All the cost and hard work was in the physical security including network separation and in complex process and procedure to validate all applicants for certificates.
So no surprise that corners have been cut all over the place - it just costs too much to implement and police.
Until it all starts costing so much money that the problems have to be fixed.
Anyone hear the sound of yet another stable door swinging in the breeze?
I am puzzled as to why the regular in depth scans on the CA systems with industry leading AV software to check for virus and other malware attacks didn't locate the threats until after someone noticed the network doing bad things.
Or is this another thing that was judged too time consuming and expensive?
One further rambling on PKI - if everyone who had an email account also had to have a certificate to go with it and only signed email from a current good CA was allowed through major mail hubs then SPAM could be cut down enormously.

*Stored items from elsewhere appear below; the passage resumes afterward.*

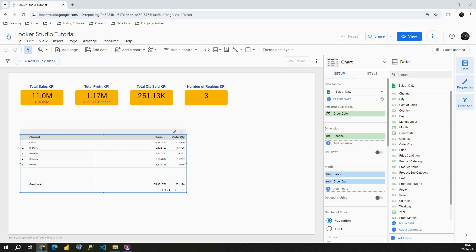Hello, welcome back. Today I'm going to show you how to display percent of total in Looker Studio.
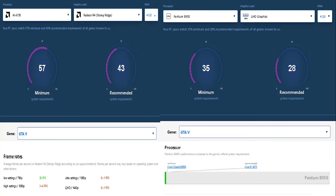As we can see here, the AMD Radeon R4 did a better job with the lowest settings at 30 FPS, high settings at 3-4 FPS, ultra setting at 0-1 FPS, quality HD with 1440p at 0-1 FPS.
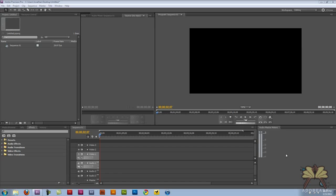Welcome everybody to my tutorial in Adobe Premiere Pro CS5. In this video I'm going to show you how to work with some text.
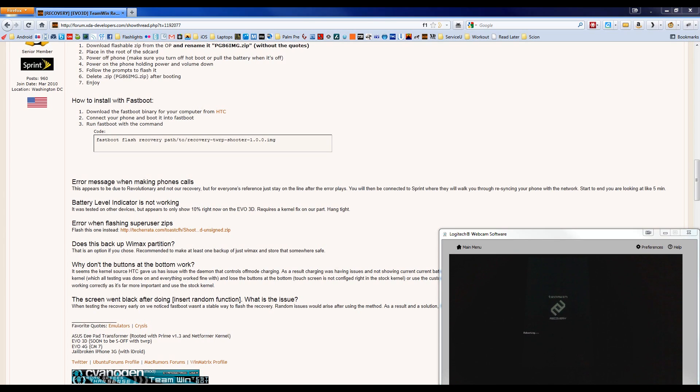And then we can simply choose Reboot System Now, press Power to confirm, and it'll reboot. And that is all. Thank you.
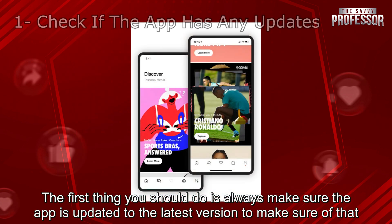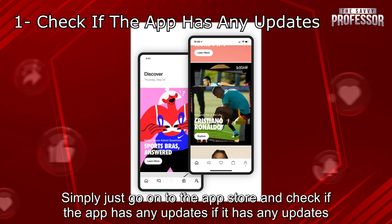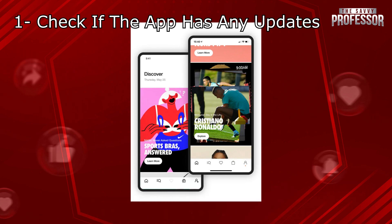The first thing you should do is always make sure the app is updated to the latest version. To make sure of that, simply just go on to the App Store and check if the app has any updates. If it has any updates, update it.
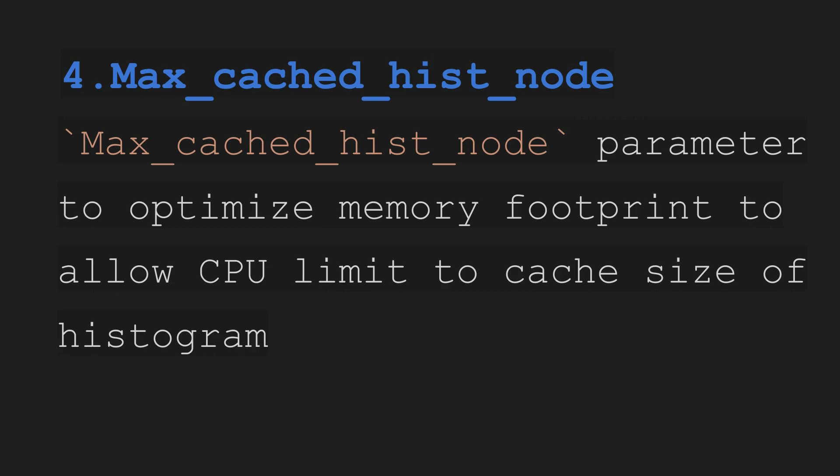Fourth we have a feature called max_cache_hist_node. So that is used to optimize your memory and how much size you want to be cached on your CPU. It will help you with the memory size on the CPU side.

Cost a bit to implement though, wouldn't it?
I wonder when this will cost in?
Who could have predicted this?
Who would have thought selling random numbers would be so hard?

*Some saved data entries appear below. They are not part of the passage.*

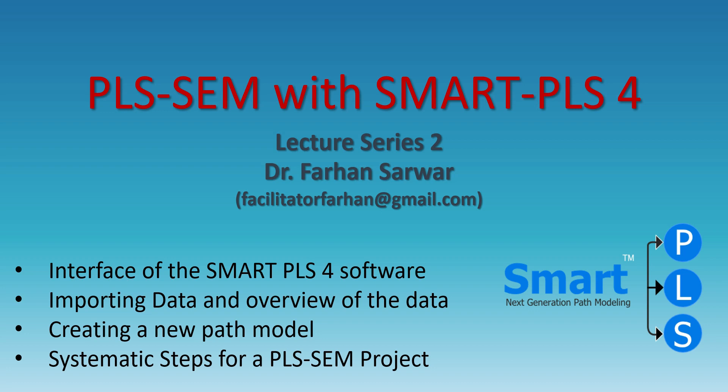Asalaamu alaikum dear researchers and welcome to this lecture series and the second part of PLS-SEM with Smart PLS-4. In this video we are going to discuss the interface of the Smart PLS-4 software, about importing data and overview the data that we are importing, creating a new path model and what are the systematic steps when we are applying in a PLS-SEM project.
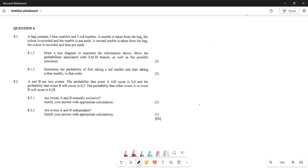Alright, greetings fellow great learners - it's Mr. Teacher again! We are back with some amazing videos. We are looking at a November 2017 paper, Question 8. Let's see what Question 8 requires us to do.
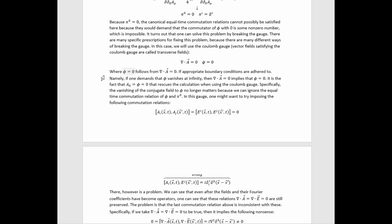We also have phi equals zero, where phi equals zero follows from this if appropriate boundary conditions are adhered to. Namely, if one demands that phi vanishes at infinity, then ∇·A = 0 implies that phi must equal zero. It is the fact that A^0 equals phi equals zero that rescues the calculation when using the Coulomb gauge. Specifically, the vanishing of the conjugate field to phi no longer matters, because we can ignore the equal-time commutation relation of phi and π^0, given that phi doesn't appear in the action at all in this gauge. We can quantize considering only the three fields, the three-vector potential, and their non-zero conjugates.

Agreed - it's such an easy problem to fix I'm actually afraid I might hurt myself writing it down.
That's a fair comment s. pam but how do you verify the ones you keep are trustworthy? Unless you are test their security etc yourself then at some point you have to rely on someone else to say they are ok.

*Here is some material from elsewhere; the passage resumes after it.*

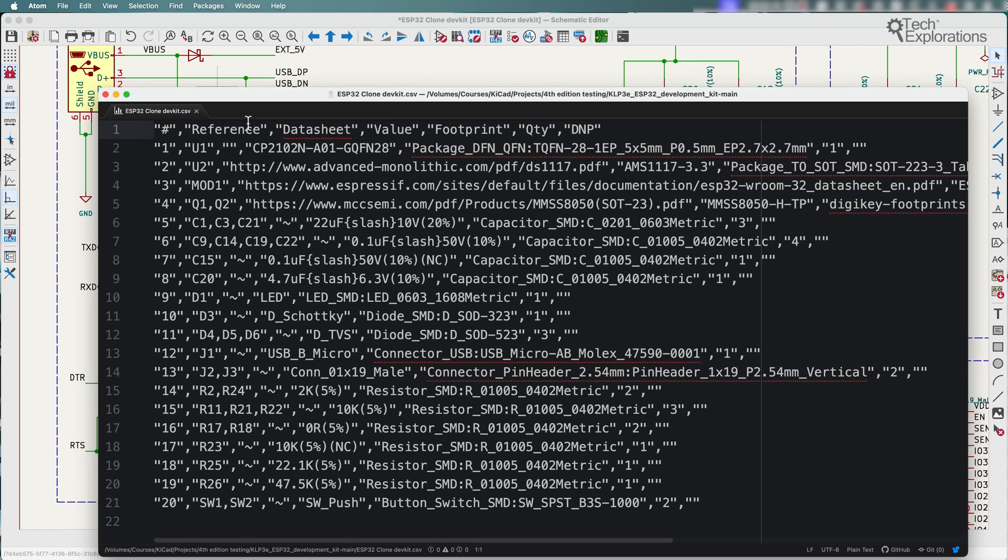So the new BOM exporter in KiCad 8 as you can see provides more flexibility and control that simplifies the process of exporting bills of materials.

The Dutch are useless at security
No offence, but the people who read El Reg know what a CA is - the targets for any SSL/CA fraudulent attack don't - for example they just want to go shopping on the internet and think it's as safe as your local mall - they wouldn't expect to have their CC cloned in a shop, so they don't think it will happen on line.
It is up to those of us that have the way withal to make electronic 'life' as secure as we can - we should have a fair grasp of what can be sublimated and we need to protect the general user as much as we can.
Will someone please correct my understanding? Because it's clearly wrong.
As I was given to understand, the Root Certificate upon which all an organisation's issued certificates are based is generated on a machine which is not connected to the network; and may even be switched off until needed? If this were the case, surely breaking into the CA's connected servers will only allow you to HARVEST, and NOT to permanently compromise the creation process?
If my understanding is correct, then revoking the single root certificate would also revoke anything based on it?
So as I said - my understanding is clearly wrong... will someone put me right please?
The root CA is used to sign all the certificates it creates, which should be either issuing CAs or policy CAs. The root CA should be offline (either isolated network, or off) with the private key in an HSM. If a policy CA is created that too should be offline and issue certifcates for issing CAs, with its key in a HSM.
The issuing CA should if possible have its private key in an HMS and all the private keys it generates encrypted, and are archived, with recovery certificates, which again should be stored in a secure location.
Each CA signs all of its issued certificates with its own private key, with information linking to its parents (issuers) CRL, so it can check if its been revoked. The public key for the CA contains its CRLs to allow you to check if its been revoked. The root CA has no CRL, as nothing issued it, it was self signed, so if that is gone you have to rip out the trust for that root CA.
If a CA is compromised, then depending on how it was setup, was the root available, were all certs issued from the root, are they creating certs using an issuing CA that its cert was issued by another CA, which only allowed them to issue none CA certs, thus not allowing then to create a 2 tier system, then, their 'root' is compromised. Due to the way CRLs work and some systems implement the checking, it could take months for it to be considered revoked, as the CRL has a life, and within that period, it doesnt have to check for a update. so the quickest way to update it is either clear the cache or rip out the trust. Then their is the general trust, they have been compromised, do you still trust them.